小説

『走ってるんだよな? お前』川月周(『走れメロス』太宰治)

 ……って。初夏、満天の星だったんじゃないか? 昨日は。
「なぁ初夏、満天の星であるってフレーズあったよな?」
 一応、確認を取ってみる。もしかしたら別作品の可能性も捨てきれない。
「あぁ? なんだそれ? そりゃ覚えてねーな」
「全く。名文だと言うのに……って事は別の作品なのか……」
 ふと疑問がわいて来る。初夏の話はもうどうでも良い。結末は間に合わなかったとしよう。だが。
「これって名作か?」
「あぁ? 何だいきなり」
「いや、だからこれじゃ何で名作なのかわからなくないか?」
「悲しい結末の物語なんていくらでもあるだろうよ。シェイクスピアとか」
「何か、見かけによらず良く知ってるんだな……ってそれは良いんだ。そうじゃない。親友を殺させない為に走った。そこまでは良い。ただ、諦めた理由が川の氾濫じゃ安易すぎないか? って言っているんだ」
「そりゃ……そうだけどよ。文が綺麗とか色々あるじゃねーか。何も全部が全部どんでん返しだとかを必要としている訳じゃねーだろ」
「それも一理ある。でも、教材になっているんだぞ? 昔からずっと。それってやっぱり学べる事があるって事なんだよこの作品から。でも結末がこれじゃ何を学べる?」
「自然は恐ろしい。とかか?」
「それを国語で学んでどうする。やっぱり何かあるはずだ。あるはずなんだ……何か他に覚えている事はないか?」
「他って言われてもなぁ……ん? そういや盗賊とか出て来なかったか? 道中で何か襲われて足止め食らった気がしたんだが……」
「あった! 王様の差し金のやつだ! ほらみろ。やっぱりあったじゃないか続きが」
「でもそれが川の後とは限らないぜ?」
「なるほどな。確かに川の前での出来事なら盗賊を倒してようやく前に進めたのに更なる災難によって阻まれてしまった。って事になるだろうな。だが、やはり名作って部分を考えるとそれじゃ弱い。やはりここは川の後だと考えて進めるのが無難だと思う」
「おいおい。何だか話が飛んで来たぞ」
「仕方がないだろ。記憶がチグハグなんだ。もう仮説を立てて行くしかない。納得のいく名作になるまで」
「途方もねぇ暇つぶしだな。それ考えられたら小説家になれんじゃねーか?」
 ブツブツと文句を漏らしながらも男はどうやら気分が乗って来たようで、俺よりも数倍の量のストーリーを考え出した。
 俺達は作品に没頭した。
 メロスはどうなったのか、どうなるのが名作として優れているのか。ハッピーエンドとバッドエンンドの名作比率からしてやはりバッドエンド説が有力だった。

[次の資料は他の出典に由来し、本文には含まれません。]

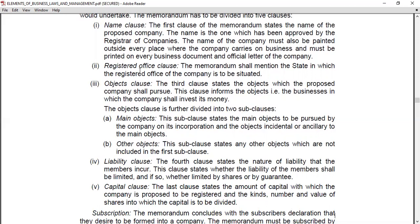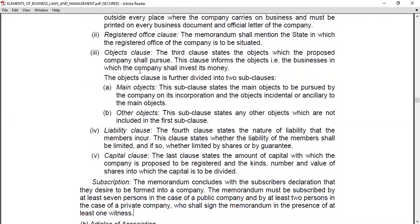The Capital Clause states the amount of capital with which the company is proposed to be registered, and the kinds, number, and value of shares into which the capital is to be divided. This shows the total capital, how many members have contributed, what the total capital amount is, the number of shares, and the value per share.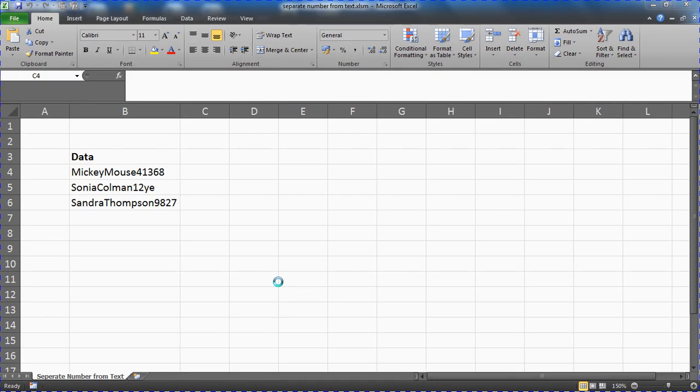Hello and welcome to another video tutorial from computergaga.com. In this video we're going to look at how you can separate a number from text in a cell. I'm going to take a VBA solution to this.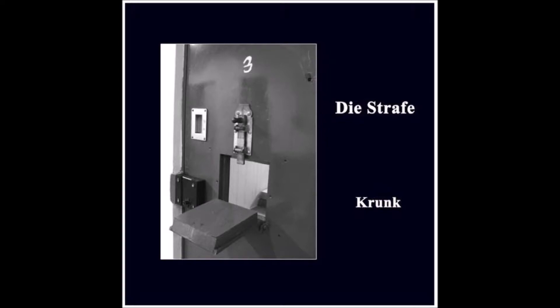Ganz egal, wohin wir gehen. Wir gehen auf jeden Fall zu weit.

 メロスは川を何とか越えて盗賊も倒すが、親友は殺されてしまう。ならばその先は? メロスはその後どうなったのか。これが肝心だ。やはり主役の行動が物を言う。
 やはり親友が殺された後にそこへ着いて絶望に打ちひしがれるのが絶望を際立たせるだろうと見解は一致した。だが、そこでメロスがどうするのか。